There are three levels of inspection:
1. General inspection:
- Usual inspection of representative parts of a structure.
- Carried out nor more than two years after last general or principal inspection.
2. Principal inspection:
- It involves close examination of all inspectable parts of the bridge structure and adjacent earthworks.
- The interval between principal inspections would normally exceed six years.
3. Special inspection:
This inspection occurs for special cases such as:
- To investigate specific problems either found during inspection or already discovered on similar structures.

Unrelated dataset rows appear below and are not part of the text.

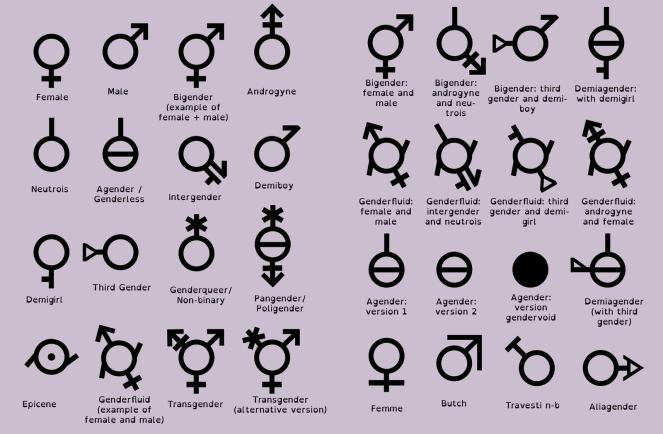 Are there more than two genders?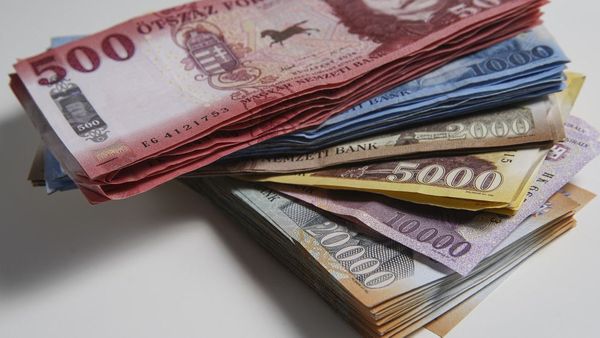 Több száz milliós csalás miatt emelt vádat a bajai ügyészség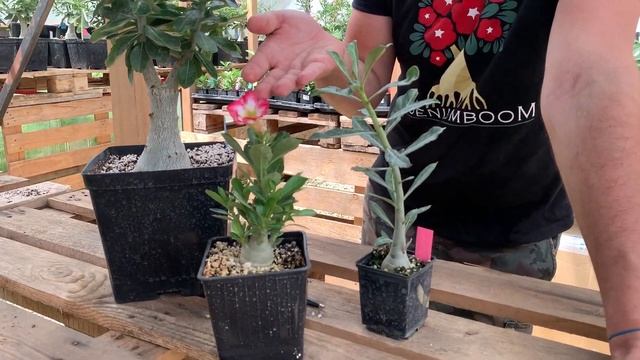 Зачем прививают адениум? И цветут ли сеянцы? смотреть онлайн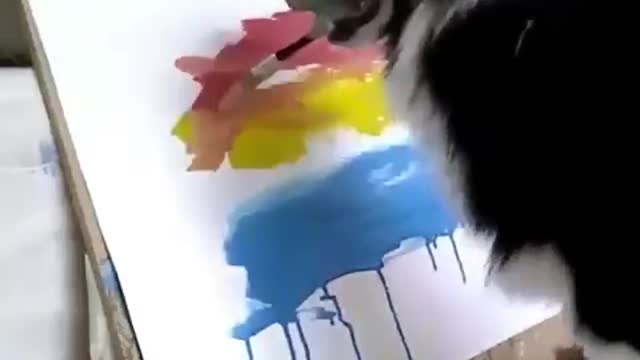 Talented dog knows how to paint. It is amazing.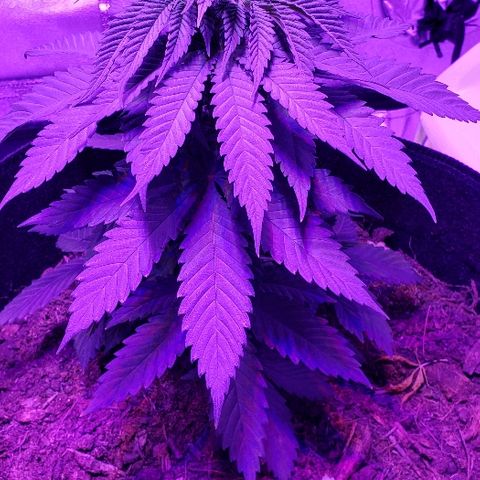 Muskoka Kush #2 Veronica  growlog timeline photo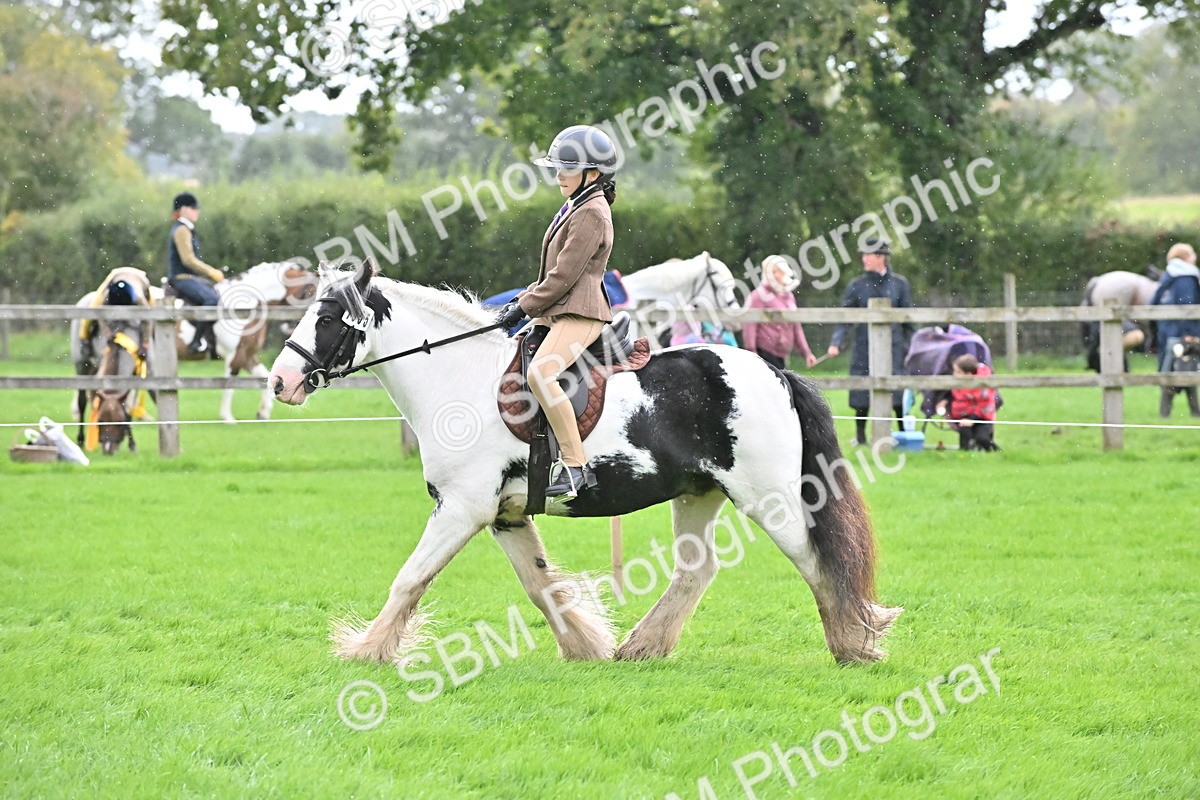 SBM_42926 - S12 - Family Horse & Pony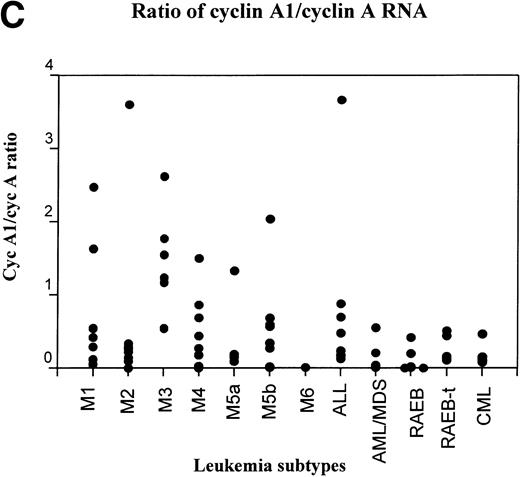 Fig. 3. RT-PCR study of the expression of cyclin A1 in leukemia and preleukemia samples. (A) Dot plot show the level of expression of cyclin A1 in leukemia samples as a percentage of the level detected in the ML-1 myeloblast cell line. (B) Cyclin A1 mean levels of each group are shown. The statistical analysis of differences among the groups is discussed in the Results. (C) Ratio of cyclin A1/cyclin A is shown on a dot plot. Each dot represents one sample.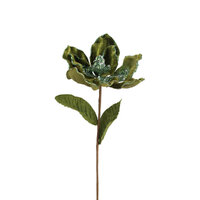 Magnolia Stem Olive 61cm
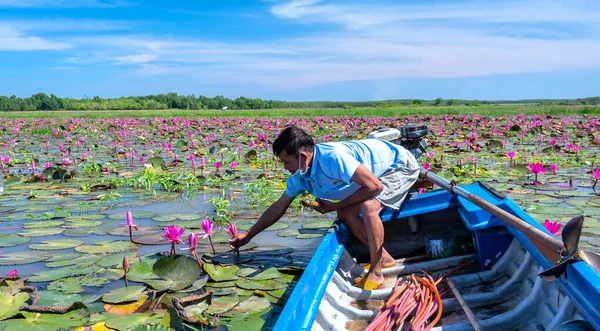 Tay Ninh, Vietnam - December 8th, 2021: A farmer is harvesting water lily in a flooded field on a winter morning, this is his daily livelihood to support his family in Tay Ninh, Vietnam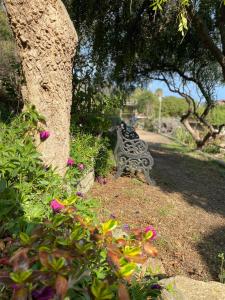 Ảnh trong thư viện ảnh của Cabañas Aloha-ki ở El Quisco +22 ảnh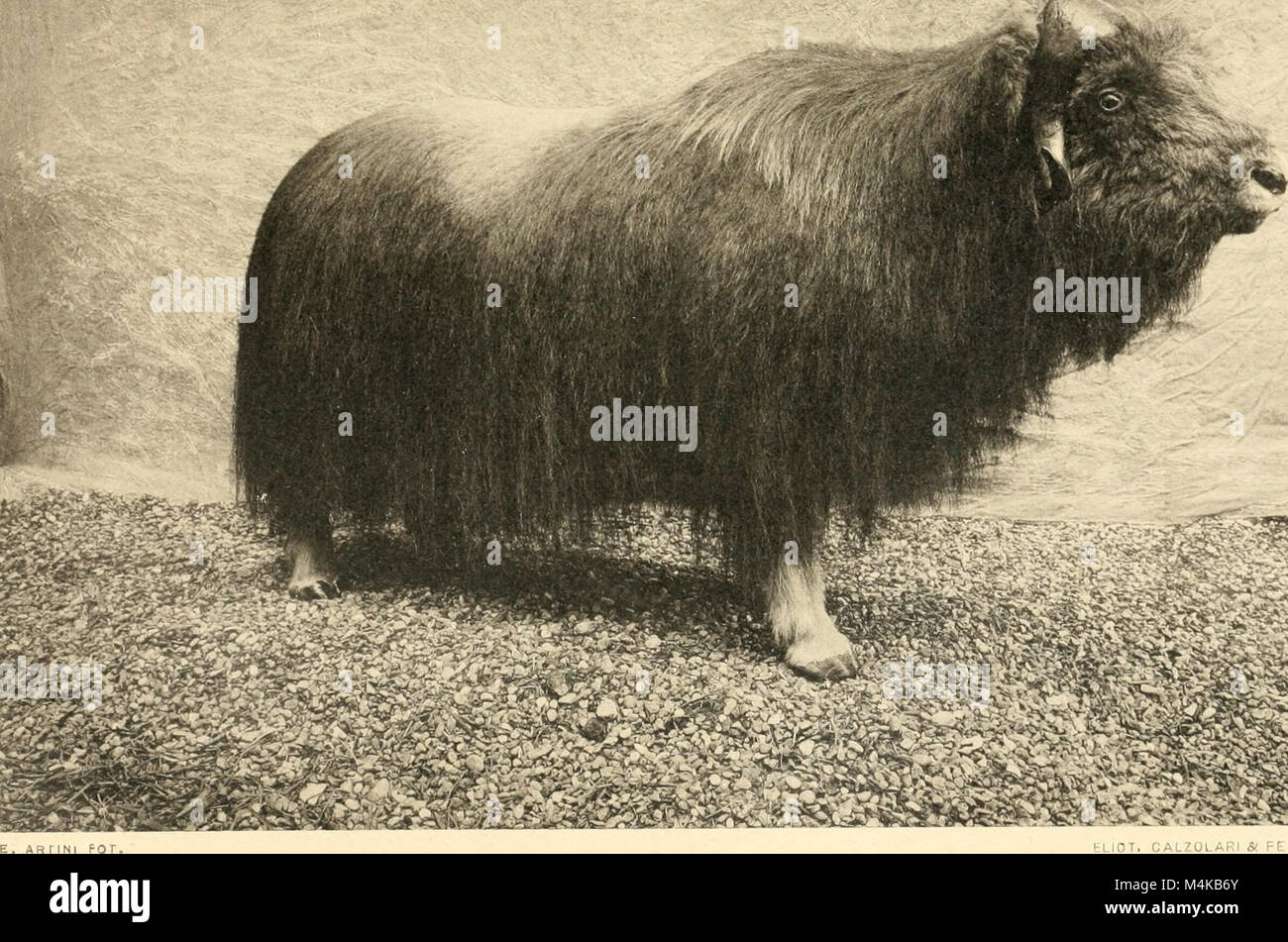 Museo della fauna hi-res stock photography and images - Alamy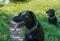 Labrador Retriever Black Dogs lay on grass in the mountains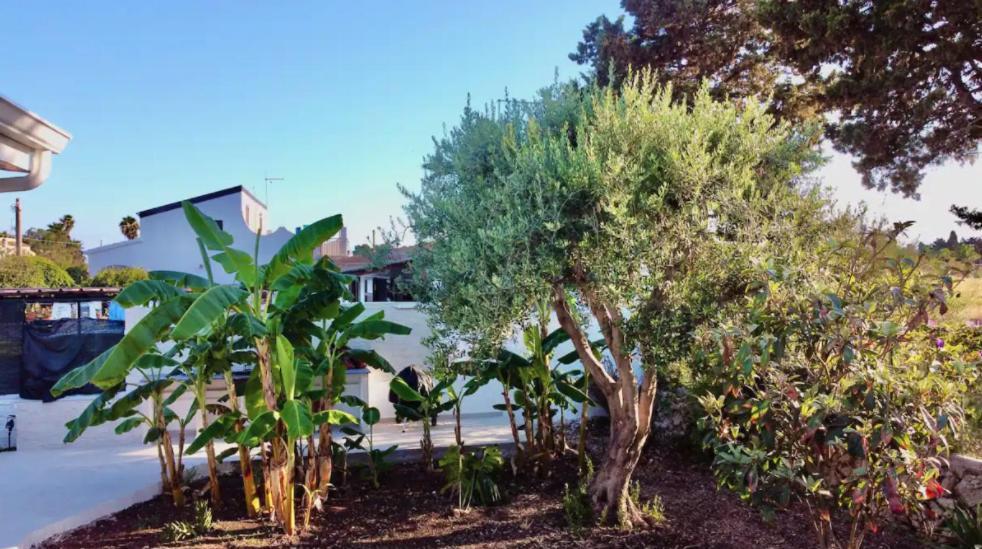 Villa Mare Blue Sr Nuovissima Villa 150M Dal Mare Adatta A Bambini Terrauzza Εξωτερικό φωτογραφία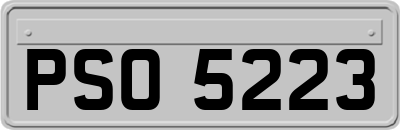 PSO5223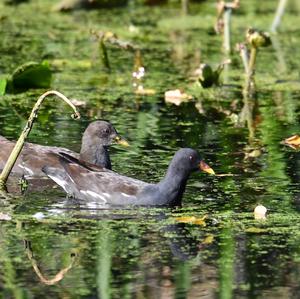 Common Moorhen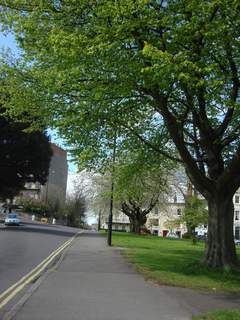 DSC08778.JPG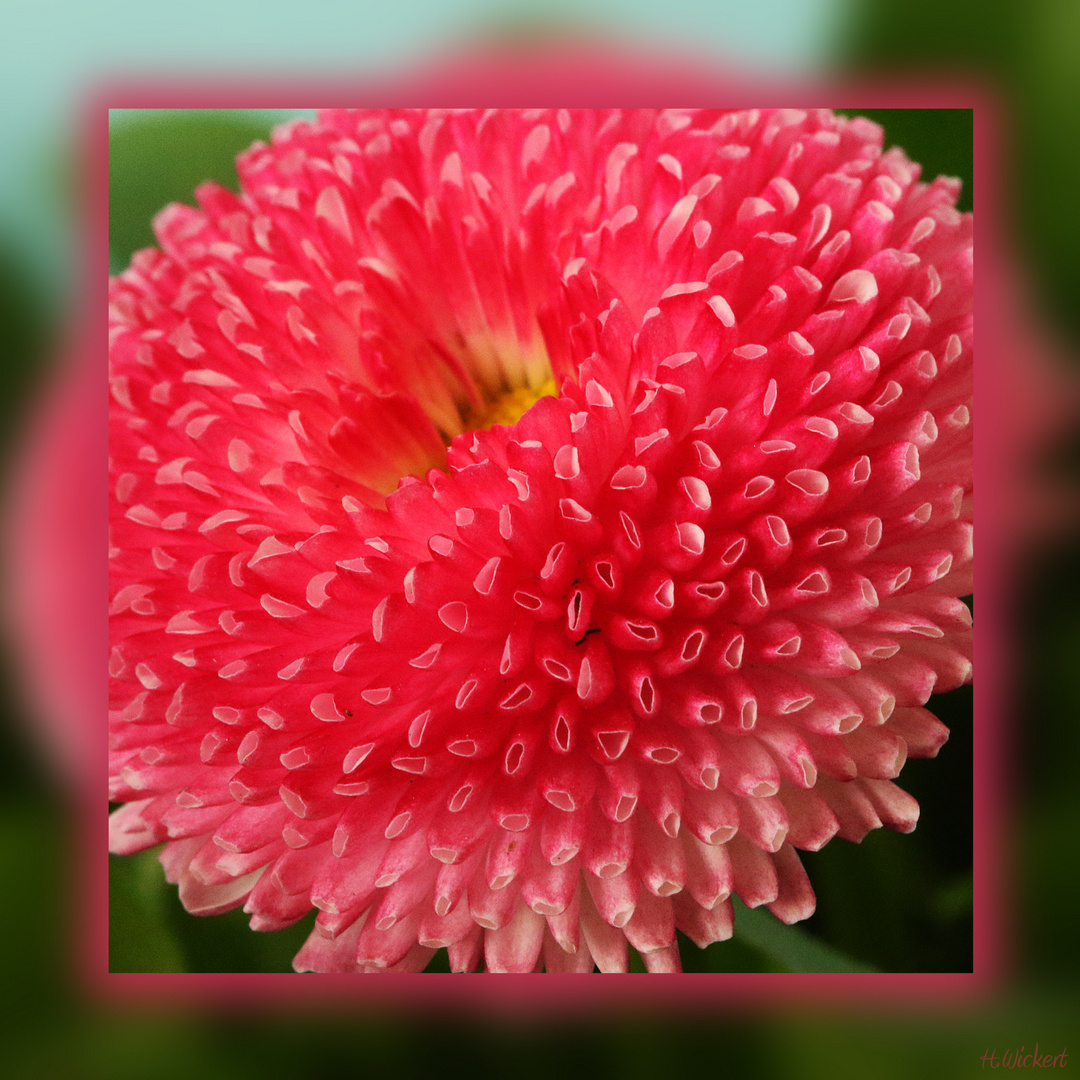 Bellis auf dem Balkon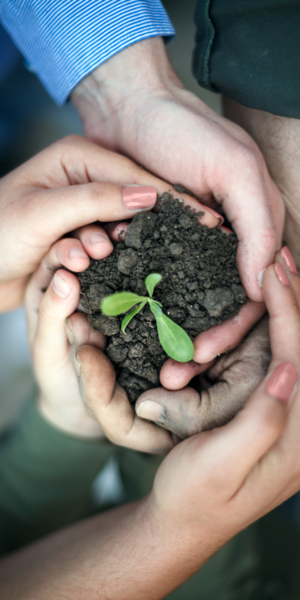 hands making a pot holding a seedling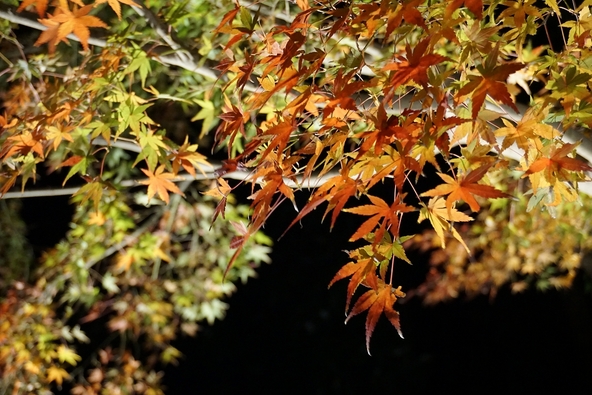 11月下旬に見頃を迎える予定の紅葉もライトアップ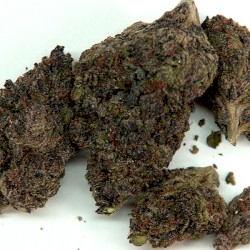 Sunset Sherbert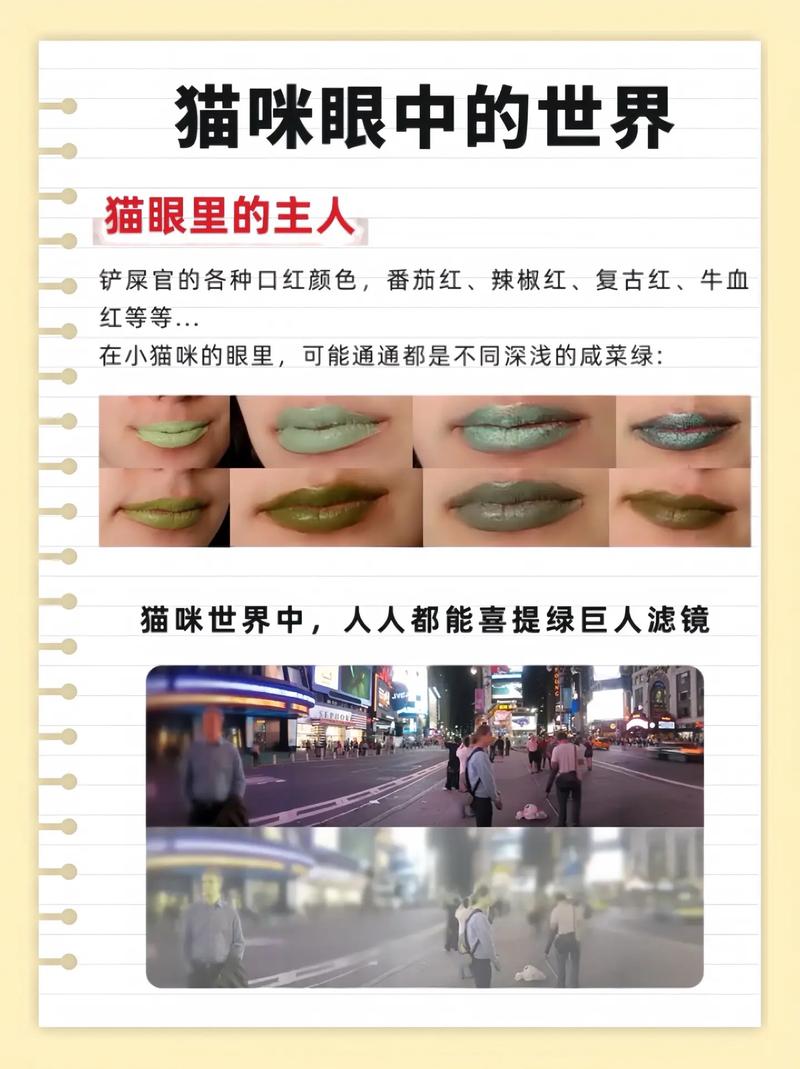 猫看见什么颜色害怕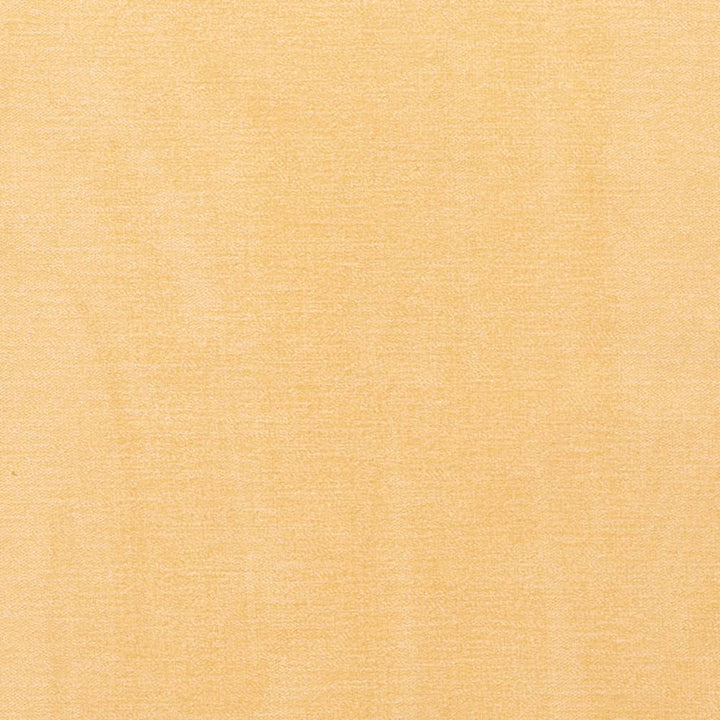 D3861 by Charlotte Fabric Classic Velvet II 90% Polyester, 10% Nylon Asia Exceeds 240,000 Wyzenbeek Rubs (Heavy Duty) No Repeat 54 Inches - Fabric Carolina -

- Structures with weight restrictions.
- After a major incident.
A standard format for inspection reports must be maintained and should include recommendations for remedial measures. The information collected in a bridge inspection reports is sent to the highways agency. Here the data is fed into the agency’s database such that it can gain an overall picture of the state of the bridge and calculate an estimate of likely future expenditure.
Not all the components of a bridge is deteriorate at the same rate. For instance, the concrete sub and superstructure should not need replacing during 120 year design life. A little minor maintenance should suffice.
The items that will need maintenance and or replacement include:
- Waterproofing membranes
- Road surfacing
- Movement joints
The road surfacing will have to be replaced over long stretches of the carriageway. It is considered best to tie in maintenance, replacement and repair with the road re-surfacing in order to minimize the costs and disruption to road users.